When Austria's Emperor Leopold II went to the Congress City of Frankfurt to be crowned Holy Roman Emperor, Mozart went as well, hoping to be honoured with a commission for a coronation work or an imperial appointment. The results were disastrous. His arch-rival Salieri received the commission for the coronation opera. After being frustrated at just about every turn, Mozart was finally asked to write and perform a piano concerto for a concert on the fringe of the coronation ceremonies, a work which is no less regal for being virtually ignored at the time of its creation. In our presentation the concerto No. 19, KV 459 will be played in the Imperial Hall of the Residenz in Munich, the city where it received one of its major initial hearings, in a reading by pianist Radu Lupu and the Deutsche Kammerphilharmonie under David Zinman.

Part 12: Munich
The Bavarian capital of Munich was always one of Mozart's favourite places - it saw important performances of many of his major instrumental works and hosted the world première of his monumental opera seria, “Idomeneo, re di Creta”. The first printed edition of his concerto No. 26 'Coronation', KV 537, written for the coronation of Emperor Leopold II in 1790, is remarkable for the fact that it doesn't contain all the notes of the solo part. This method prevented the music from falling into the hands of dishonest copyists, but more importantly, it reflects the fact that pianists were pretty much expected to know what the composer wanted from a musical sketch which called upon them to improvise the necessary harmonies, sometimes at sight. In our performance, given at Munich's Residence Palace, Maestro Wilhelm Keitel leads the Bavarian Radio Orchestra with Homero Francesch at the keyboard.

Part 13: Vienna - 3
With his short life cruelly and rapidly drawing to a close, Mozart once again turned to the compositional style which most directly and profoundly reflected his own personality, the concerto for piano and orchestra.
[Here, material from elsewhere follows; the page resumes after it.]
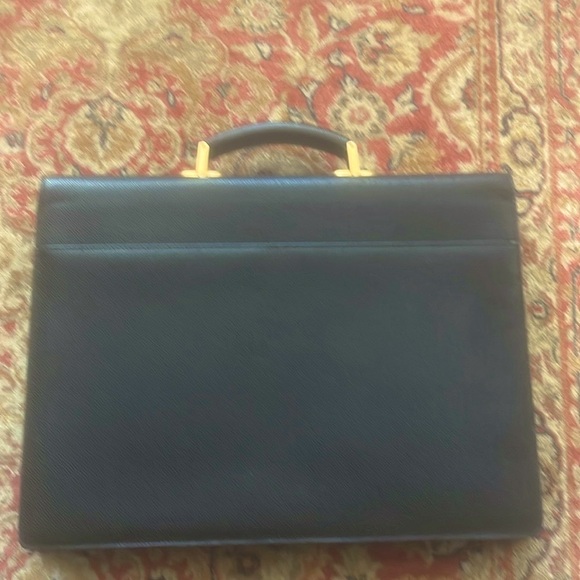 Valentino Black Leather unisex briefcase/laptop carrier. - Picture 2 of 8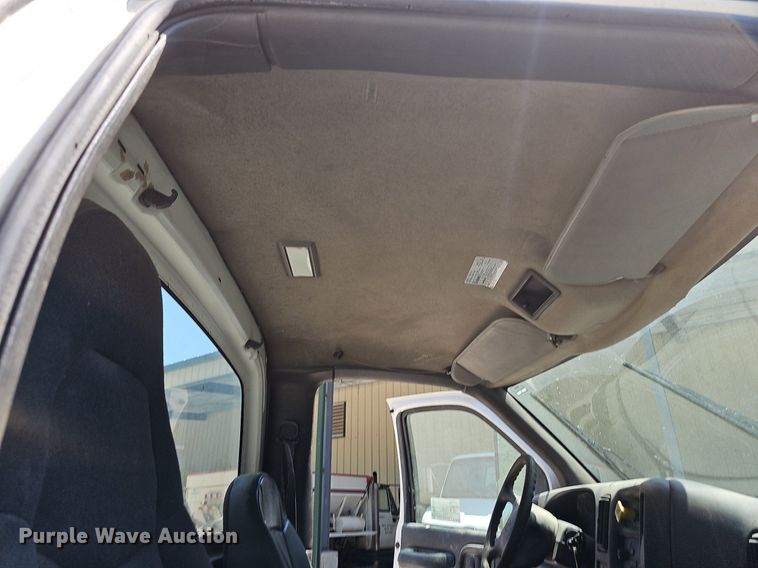 image for item DR3404 2005 Chevrolet C8500  truck cab and chassis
The work, which might have turned out to be a solemn, lugubrious work, but Mozart, even in his final days, was not about to make his farewells with a superficial, obvious cliché. In the final movement of an entirely positive and uplifting composition he regales his audiences with a lyrical children's song, invoking the joys of youth and springtime, perhaps a reflection back on those halcyon days when the monumental child prodigy first tasted the delights of being “Mozart on Tour”. In a fitting finale to our series, Aleeksander Madzar and the Royal Philharmonic Orchestra directed by Andre Previn join together in Vienna' s Schönbrunn Palace for a performance of Mozart' s final concerto, No. 27, KV 595.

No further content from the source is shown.